Coles noted that Kelly’s “punch didn’t seem that strong.”
“I’ll just say this: He’s a passionate man and I think that passion has appealed to a lot of people, and in some cases, it surprises a lot of people. I think that’s all I’m going to say,” she noted.
Coles pivoted to Trump’s CNN debate, in which he faced off with Carly Fiorina.
“What I liked about what she did — it wasn’t about Carly and Donald — it was about female empowerment. As I said, a minute ago, I really don’t like playing the victim. I don’t like people who do male or female,” Kelly offered. “I just think it’s better to find your own empowerment in those circumstances. One of my life mottos is: ‘Head down, shoulders back, forge forward.’”
The editor went back to Trump and asked why he was attacking Kelly.

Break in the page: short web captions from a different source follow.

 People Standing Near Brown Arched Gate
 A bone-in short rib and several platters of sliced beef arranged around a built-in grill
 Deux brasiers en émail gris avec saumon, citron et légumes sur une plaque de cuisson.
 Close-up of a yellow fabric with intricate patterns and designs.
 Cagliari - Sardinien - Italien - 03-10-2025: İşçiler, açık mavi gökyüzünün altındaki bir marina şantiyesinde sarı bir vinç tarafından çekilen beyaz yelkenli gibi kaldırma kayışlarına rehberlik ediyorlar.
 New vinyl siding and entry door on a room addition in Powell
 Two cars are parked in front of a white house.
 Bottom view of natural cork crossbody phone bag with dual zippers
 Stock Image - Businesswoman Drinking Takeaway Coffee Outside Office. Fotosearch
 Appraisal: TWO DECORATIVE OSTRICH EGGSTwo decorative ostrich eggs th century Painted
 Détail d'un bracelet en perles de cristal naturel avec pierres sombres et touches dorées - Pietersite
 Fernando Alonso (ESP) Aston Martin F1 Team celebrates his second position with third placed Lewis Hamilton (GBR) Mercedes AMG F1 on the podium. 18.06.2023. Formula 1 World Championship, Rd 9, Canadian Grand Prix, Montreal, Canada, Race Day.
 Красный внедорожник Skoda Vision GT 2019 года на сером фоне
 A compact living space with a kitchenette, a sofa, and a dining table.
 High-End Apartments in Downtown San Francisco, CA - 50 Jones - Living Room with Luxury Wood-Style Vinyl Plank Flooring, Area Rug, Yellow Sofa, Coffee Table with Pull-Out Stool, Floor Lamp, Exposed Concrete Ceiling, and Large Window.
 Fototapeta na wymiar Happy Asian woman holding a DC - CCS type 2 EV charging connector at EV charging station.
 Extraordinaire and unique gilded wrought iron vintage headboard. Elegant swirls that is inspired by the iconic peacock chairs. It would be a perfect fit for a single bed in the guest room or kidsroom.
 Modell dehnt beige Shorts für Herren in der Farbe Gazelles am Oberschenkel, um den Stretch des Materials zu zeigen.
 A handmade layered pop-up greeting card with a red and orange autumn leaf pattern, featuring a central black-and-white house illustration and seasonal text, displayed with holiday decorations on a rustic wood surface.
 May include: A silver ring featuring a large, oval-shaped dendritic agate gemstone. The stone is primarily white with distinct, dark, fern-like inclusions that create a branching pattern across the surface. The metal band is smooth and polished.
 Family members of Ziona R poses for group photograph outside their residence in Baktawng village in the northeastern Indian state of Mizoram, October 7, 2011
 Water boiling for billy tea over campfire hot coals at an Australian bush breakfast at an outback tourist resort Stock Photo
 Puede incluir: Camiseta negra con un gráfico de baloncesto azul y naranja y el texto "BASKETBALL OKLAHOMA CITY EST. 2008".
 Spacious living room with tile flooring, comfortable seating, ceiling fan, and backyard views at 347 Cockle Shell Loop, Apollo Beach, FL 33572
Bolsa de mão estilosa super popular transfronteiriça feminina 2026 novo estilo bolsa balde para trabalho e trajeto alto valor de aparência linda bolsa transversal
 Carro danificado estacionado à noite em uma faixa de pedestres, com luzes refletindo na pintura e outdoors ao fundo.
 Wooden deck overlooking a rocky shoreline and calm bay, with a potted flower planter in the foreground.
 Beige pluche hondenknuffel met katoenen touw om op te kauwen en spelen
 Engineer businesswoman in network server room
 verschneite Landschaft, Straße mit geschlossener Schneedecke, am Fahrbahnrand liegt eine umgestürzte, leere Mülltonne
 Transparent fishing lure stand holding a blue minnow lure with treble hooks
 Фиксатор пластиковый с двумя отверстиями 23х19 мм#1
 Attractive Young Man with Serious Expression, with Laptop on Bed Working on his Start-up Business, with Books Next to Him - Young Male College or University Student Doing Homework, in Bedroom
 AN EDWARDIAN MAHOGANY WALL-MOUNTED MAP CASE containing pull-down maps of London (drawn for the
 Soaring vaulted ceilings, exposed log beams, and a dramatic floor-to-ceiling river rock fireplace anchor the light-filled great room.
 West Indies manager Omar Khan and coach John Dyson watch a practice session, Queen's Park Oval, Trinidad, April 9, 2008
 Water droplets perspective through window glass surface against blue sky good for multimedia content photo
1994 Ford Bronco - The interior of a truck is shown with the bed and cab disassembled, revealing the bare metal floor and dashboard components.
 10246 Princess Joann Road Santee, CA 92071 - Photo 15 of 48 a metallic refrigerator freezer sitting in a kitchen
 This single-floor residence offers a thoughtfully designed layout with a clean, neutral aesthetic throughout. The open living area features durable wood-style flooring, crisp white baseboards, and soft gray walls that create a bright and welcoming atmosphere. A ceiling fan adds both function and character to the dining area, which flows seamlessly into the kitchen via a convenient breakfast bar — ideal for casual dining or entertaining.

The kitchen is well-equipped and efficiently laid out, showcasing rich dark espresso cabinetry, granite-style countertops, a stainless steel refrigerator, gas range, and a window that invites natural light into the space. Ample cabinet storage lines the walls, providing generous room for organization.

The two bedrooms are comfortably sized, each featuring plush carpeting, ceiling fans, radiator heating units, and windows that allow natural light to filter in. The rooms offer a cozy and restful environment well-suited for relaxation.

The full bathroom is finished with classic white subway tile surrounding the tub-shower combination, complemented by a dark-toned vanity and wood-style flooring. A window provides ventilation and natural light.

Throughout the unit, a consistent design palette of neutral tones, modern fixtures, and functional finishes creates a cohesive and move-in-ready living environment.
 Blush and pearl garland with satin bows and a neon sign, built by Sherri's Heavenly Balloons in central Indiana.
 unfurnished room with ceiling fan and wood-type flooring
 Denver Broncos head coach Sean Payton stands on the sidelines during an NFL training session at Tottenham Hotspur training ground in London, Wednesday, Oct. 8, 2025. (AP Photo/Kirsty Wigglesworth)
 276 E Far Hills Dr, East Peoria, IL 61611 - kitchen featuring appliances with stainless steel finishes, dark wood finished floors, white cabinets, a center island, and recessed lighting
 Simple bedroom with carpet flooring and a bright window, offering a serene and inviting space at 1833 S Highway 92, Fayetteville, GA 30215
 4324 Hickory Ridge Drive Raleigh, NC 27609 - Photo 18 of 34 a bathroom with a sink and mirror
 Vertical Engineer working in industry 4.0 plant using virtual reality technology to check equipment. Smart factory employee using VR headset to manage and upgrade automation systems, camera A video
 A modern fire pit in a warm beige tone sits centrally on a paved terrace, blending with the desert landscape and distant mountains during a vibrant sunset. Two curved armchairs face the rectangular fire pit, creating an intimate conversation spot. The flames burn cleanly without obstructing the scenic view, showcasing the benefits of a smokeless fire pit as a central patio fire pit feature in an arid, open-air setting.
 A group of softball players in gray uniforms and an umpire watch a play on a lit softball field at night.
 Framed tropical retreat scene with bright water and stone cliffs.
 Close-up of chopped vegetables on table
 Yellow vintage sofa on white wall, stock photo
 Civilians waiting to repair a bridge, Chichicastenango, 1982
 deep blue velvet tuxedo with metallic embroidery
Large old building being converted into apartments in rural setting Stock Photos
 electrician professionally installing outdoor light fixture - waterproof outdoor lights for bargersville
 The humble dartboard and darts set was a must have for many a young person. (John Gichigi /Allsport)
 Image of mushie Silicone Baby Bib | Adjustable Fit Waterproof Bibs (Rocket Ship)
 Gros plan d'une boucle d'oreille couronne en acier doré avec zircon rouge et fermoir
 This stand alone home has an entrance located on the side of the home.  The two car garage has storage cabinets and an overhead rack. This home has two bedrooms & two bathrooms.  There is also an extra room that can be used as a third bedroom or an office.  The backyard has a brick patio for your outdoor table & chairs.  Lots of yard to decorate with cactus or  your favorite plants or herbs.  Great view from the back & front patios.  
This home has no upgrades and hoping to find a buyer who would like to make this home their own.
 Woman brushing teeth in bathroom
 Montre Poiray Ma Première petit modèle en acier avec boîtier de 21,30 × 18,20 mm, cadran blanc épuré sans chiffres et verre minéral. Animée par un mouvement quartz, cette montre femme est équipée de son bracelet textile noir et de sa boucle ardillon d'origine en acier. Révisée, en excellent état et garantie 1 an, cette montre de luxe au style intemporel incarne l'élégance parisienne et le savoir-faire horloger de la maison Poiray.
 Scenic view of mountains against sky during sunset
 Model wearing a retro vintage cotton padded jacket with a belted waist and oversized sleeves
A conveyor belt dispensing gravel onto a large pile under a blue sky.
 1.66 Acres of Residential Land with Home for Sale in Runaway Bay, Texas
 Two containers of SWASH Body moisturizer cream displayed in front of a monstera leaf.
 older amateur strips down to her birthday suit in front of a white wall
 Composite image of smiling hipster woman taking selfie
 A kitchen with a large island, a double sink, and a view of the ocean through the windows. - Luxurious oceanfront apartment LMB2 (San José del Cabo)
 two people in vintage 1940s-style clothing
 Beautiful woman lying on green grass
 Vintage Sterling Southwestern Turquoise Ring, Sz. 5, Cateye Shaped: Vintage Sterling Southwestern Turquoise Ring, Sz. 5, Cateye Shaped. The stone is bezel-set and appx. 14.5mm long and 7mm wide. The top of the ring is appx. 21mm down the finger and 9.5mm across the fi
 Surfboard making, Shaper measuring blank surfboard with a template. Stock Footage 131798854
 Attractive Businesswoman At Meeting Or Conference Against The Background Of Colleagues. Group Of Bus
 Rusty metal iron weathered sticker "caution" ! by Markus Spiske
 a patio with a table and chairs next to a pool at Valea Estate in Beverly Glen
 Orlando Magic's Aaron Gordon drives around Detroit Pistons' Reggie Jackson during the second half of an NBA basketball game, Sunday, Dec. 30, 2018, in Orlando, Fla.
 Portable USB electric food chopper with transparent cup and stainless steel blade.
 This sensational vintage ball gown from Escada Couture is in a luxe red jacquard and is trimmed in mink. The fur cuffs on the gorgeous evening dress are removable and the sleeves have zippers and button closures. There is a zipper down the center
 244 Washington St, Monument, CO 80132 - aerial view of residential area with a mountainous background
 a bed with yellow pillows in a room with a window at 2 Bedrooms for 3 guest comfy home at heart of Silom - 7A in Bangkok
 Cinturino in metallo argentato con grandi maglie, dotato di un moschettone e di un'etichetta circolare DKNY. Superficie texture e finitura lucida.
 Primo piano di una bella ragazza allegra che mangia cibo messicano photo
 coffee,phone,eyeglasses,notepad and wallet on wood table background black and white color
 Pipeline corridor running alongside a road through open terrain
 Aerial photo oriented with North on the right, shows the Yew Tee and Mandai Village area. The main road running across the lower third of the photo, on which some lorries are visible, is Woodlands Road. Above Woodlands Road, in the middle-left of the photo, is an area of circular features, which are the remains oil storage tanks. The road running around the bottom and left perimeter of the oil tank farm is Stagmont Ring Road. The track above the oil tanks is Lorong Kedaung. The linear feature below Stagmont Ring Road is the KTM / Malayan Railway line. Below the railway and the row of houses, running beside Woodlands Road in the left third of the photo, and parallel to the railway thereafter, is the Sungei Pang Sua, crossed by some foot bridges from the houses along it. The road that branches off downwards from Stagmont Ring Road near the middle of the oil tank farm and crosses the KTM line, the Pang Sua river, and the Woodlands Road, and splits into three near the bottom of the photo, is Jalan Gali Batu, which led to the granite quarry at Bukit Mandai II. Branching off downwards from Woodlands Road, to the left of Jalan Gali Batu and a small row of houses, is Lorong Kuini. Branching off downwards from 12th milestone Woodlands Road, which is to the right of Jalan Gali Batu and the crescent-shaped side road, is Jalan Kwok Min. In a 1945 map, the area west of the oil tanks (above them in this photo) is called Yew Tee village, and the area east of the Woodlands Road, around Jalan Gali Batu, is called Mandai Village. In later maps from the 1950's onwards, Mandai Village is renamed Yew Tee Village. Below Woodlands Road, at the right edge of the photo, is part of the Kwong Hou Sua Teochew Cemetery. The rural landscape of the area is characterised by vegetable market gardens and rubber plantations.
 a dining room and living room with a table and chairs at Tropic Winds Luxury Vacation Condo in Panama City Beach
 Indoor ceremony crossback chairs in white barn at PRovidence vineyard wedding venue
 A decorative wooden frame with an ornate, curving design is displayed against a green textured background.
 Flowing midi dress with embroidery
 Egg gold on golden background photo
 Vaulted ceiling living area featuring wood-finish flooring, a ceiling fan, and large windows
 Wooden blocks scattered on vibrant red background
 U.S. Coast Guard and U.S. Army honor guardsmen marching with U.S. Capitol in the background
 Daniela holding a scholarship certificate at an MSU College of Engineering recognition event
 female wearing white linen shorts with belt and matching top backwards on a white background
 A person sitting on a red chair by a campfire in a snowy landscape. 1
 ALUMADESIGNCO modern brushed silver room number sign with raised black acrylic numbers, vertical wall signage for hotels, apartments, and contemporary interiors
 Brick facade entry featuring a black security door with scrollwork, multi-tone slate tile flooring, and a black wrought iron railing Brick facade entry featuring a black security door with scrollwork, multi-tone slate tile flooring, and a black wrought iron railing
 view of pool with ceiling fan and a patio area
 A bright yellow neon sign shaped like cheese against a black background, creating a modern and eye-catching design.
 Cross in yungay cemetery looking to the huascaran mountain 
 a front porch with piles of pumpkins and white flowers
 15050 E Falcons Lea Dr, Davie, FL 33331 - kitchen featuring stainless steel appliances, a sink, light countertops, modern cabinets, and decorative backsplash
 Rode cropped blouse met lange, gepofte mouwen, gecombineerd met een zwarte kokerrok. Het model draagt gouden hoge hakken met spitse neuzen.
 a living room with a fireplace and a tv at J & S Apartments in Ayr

“I don’t know. I really don’t want to talk about that,” she demurred. “He is a fighter and that appeals to a lot of people…when he’s upset with somebody he fights even harder and I get that.”
Her rather apolitical stance on Trump was later credited to her days as a litigator, which she said allow her to see “both sides” of any argument.
Coles steered the conversation to whether the country is ready for a female president.
“I think it’s long past time,” Kelly said, but cited her coverage of Fiorina and Clinton as a testament to how women are not seen in the same light as men. They are still described as “shrill” and “strident” or “too angry” by the media and the public, she noted. “If we were men, they’d think the exact same thing and think we were tough.”
Although Kelly refrained from criticism of any candidate throughout the talk, she did offer one light jab at Clinton, who is navigating how to reveal a warmer side while remaining presidential. “Now, I don’t necessarily think it serves her to sit down with Lena Dunham and talk about Lenny Kravitz’s you know,” Kelly said, referring to a recent interview in which the duo talked about the pop star’s penis.
“You’re still trying to convince people when you’re running…you should see me as your president,” Kelly said. “It’s a tough balance between being relatable and showing a softer side and still maintaining the dignity of the office that you seek.”
Coles pointed out that Kelly hasn’t yet had Clinton on her own show even though the journalist has invited her to appear.
As a parting shot, the editor asked Kelly what she wants to do next, keeping in mind that “no one has filled Barbara Walters’ slot” at ABC.
“Would you fill it?” Coles asked.
“Absolutely,” replied Kelly, who declined to say when her Fox contract is up, but offered that her boss, Roger Ailes, said he would provide ample opportunity for Walters’ sit-down-style interviews — on Fox.